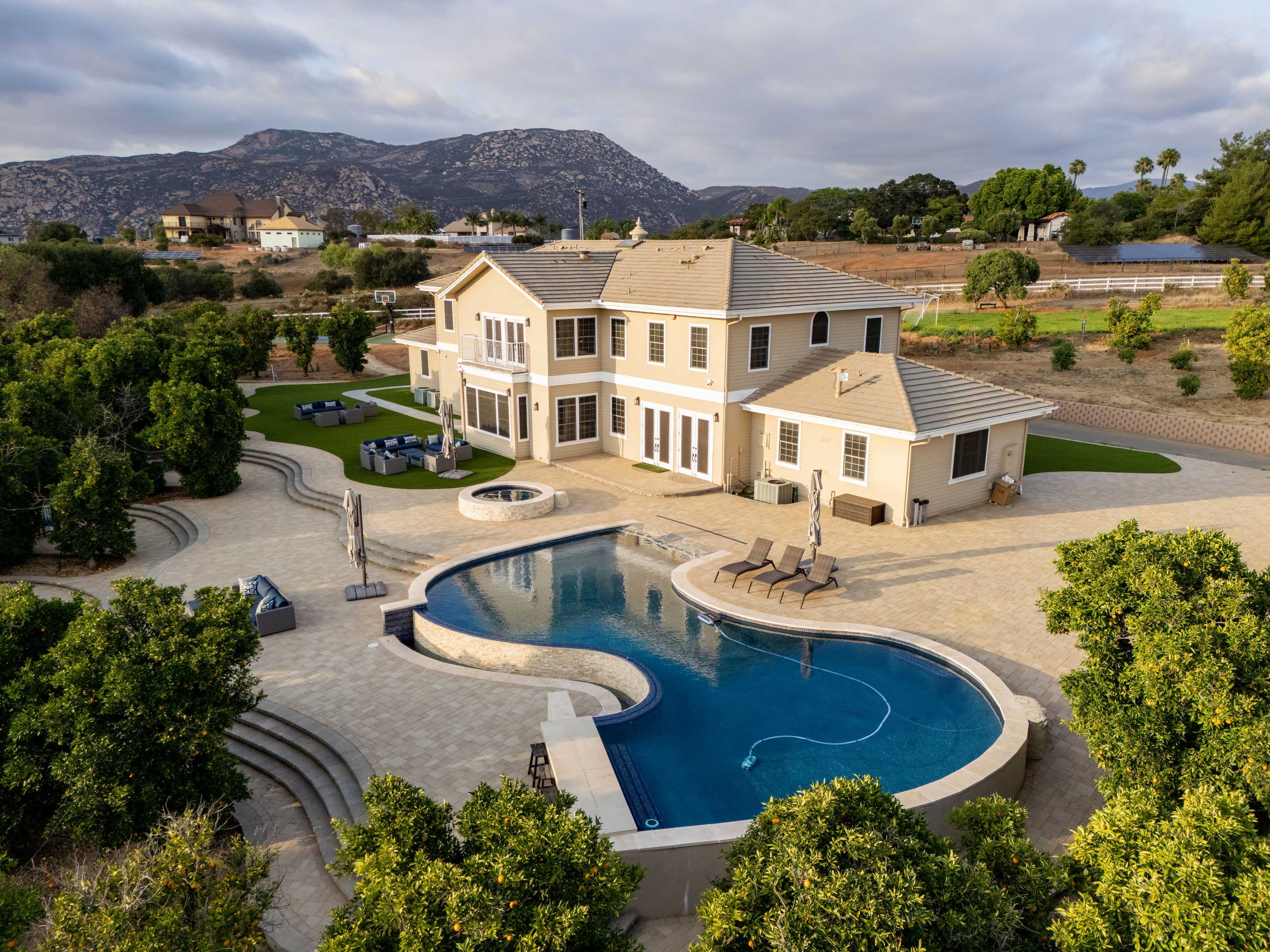 The image shows a large two-story house with an expansive backyard featuring a swimming pool, lounge chairs, and surrounding landscaping, set against a backdrop of hills.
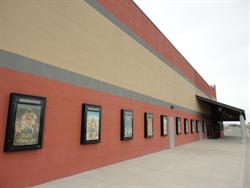 Poster cases along the west wall of the theater. - , Utah
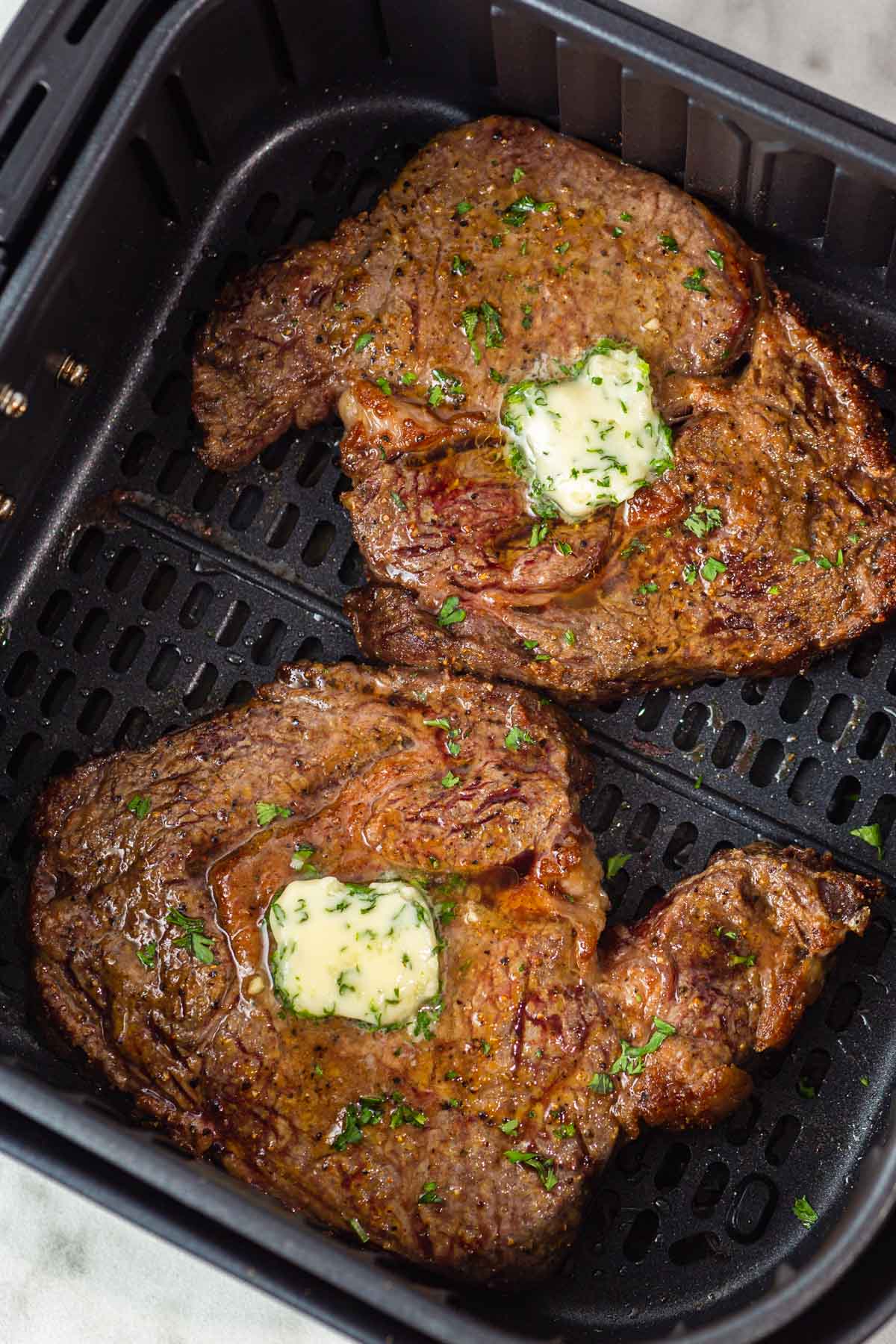 rib eye steak in air fryer with butter on top.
☆ ☆ ☆ ☆ ☆ ☆ ☆
Output all lines above precisely. Pictures are to be left out.

### YOUR SOLUTION
 The image shows a large two-story house with an expansive backyard featuring a swimming pool, lounge chairs, and surrounding landscaping, set against a backdrop of hills.
 Poster cases along the west wall of the theater. - , Utah
 rib eye steak in air fryer with butter on top.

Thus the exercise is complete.